The only idea I have come up with for dealing with the short logs is to make a flat on them and use some 1/2" lag bolts to attach them to a piece of 3/4" plywood (bad idea?).
Any links to a spanning jig?


----------



## woodnthings (Jan 24, 2009)

*You Tube has some great videos;;;*





 
Electric Band Mill:


----------



## Julian the woodnut (Nov 5, 2008)

That electric bandsaw looks like a great idea! With all his tinkering ability, you think a blade guard would have been built! I bet a 3 phase motor would just hum right along without much fuss.


----------



## slabmaster (Mar 30, 2008)

I tried to cut short ones in half with my chainsaw mill then resaw on my 14" bandsaw but the those bandsaws don't have a way to lube the blade when cutting green wood and don't work very good as the blade gets coated too fast with sap.If you look at your pic, you will see where the blade burned in places in the cut.And cutting wide boards wound be even woest.I just use my csm when the wood is green now.


----------



## dirtclod (May 7, 2008)

There's a lot of homemade jigs out there but I don't have links. By coincidence another member posted his unique approach: http://www.woodworkingtalk.com/f26/jig-short-logs-blocks-13199/#post103639

You can gain some inspiration from his. But most are simply a piece of wood to span the bunks with built in mill stops. Knees and dogs (2 of each) are worked out on a case by case basis. Generally they are cobbled togather.

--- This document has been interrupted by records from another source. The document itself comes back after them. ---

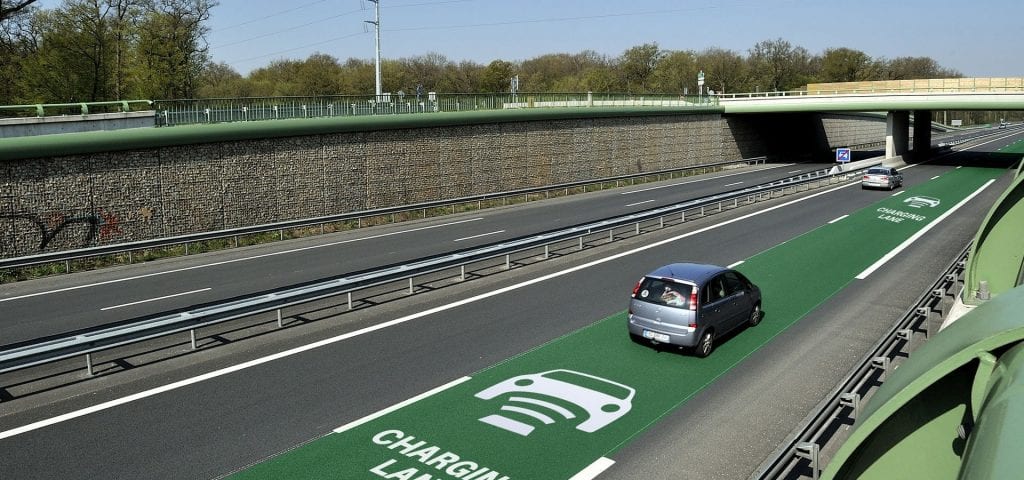 a car travelling along an inductive highway for a quick charge.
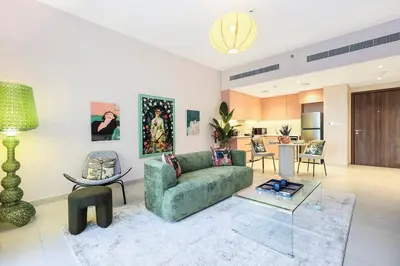 a living room with a green couch and a table at FIRST CLASS 1BR Classic Luxe Getaway in Dubai
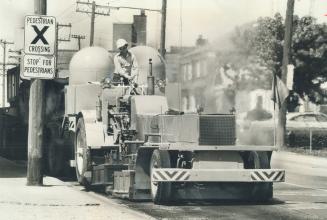 Talk about your hotrods . . . ! What is believed to be the world's largest heater-planer for re-levelling asphalt road surfaces started work this week(...)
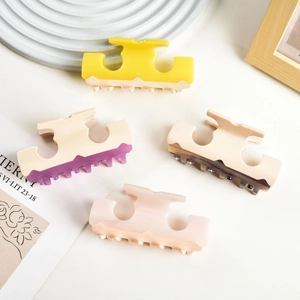 Elegant wavy cream and pastel acetate hair claws set of four shown in lifestyle setting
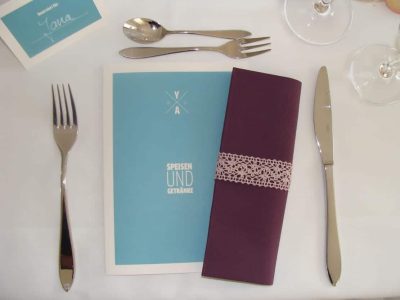 blaue Speisekarte und lila Serviette zwischen Essensbesteck
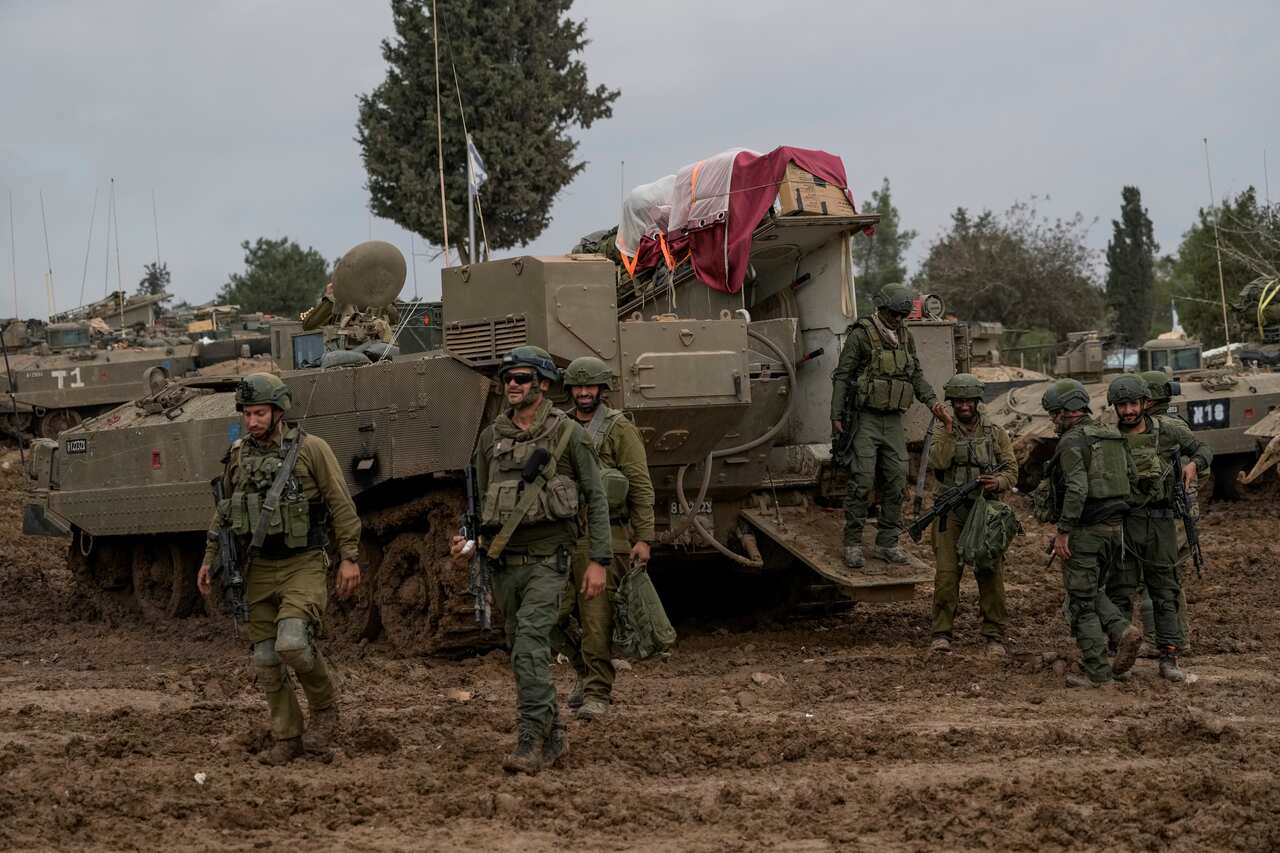 Soldiers standing near tanks which are parked on a muddy road.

I'd be careful using lags as they damage the wood and can present a hazard to the blade.


----------



## TexasTimbers (Oct 17, 2006)

Dax,

Did you end up getting all the logs milled?


----------



## daxinarian (Sep 8, 2008)

He is coming on Sunday. Apparently he has a smaller mill back at his place so they are going to get milled there... I will try to take pictures while we are milling (I say we, but I think the only thing I will be doing is lifting and moving wood)


----------



## daxinarian (Sep 8, 2008)

*update*

So he came out on Sunday and we started milling the largest dia log, it was actually 46" long which was just long enough to catch the hold downs on the machine. Unfortunately the device that sets the thickness of each cut was not working right so there is a bit of variation between each piece. To make matters worse, once he finished cutting the first log, the mill stopped going "down", so he could only raise the blade... He has a call in to get it fixed and is planning on coming back next weekend to finish the job (with either his fixed mill or his old manual mill).

I will try to get some pictures of the boards that were successfully milled in the next day or so.


----------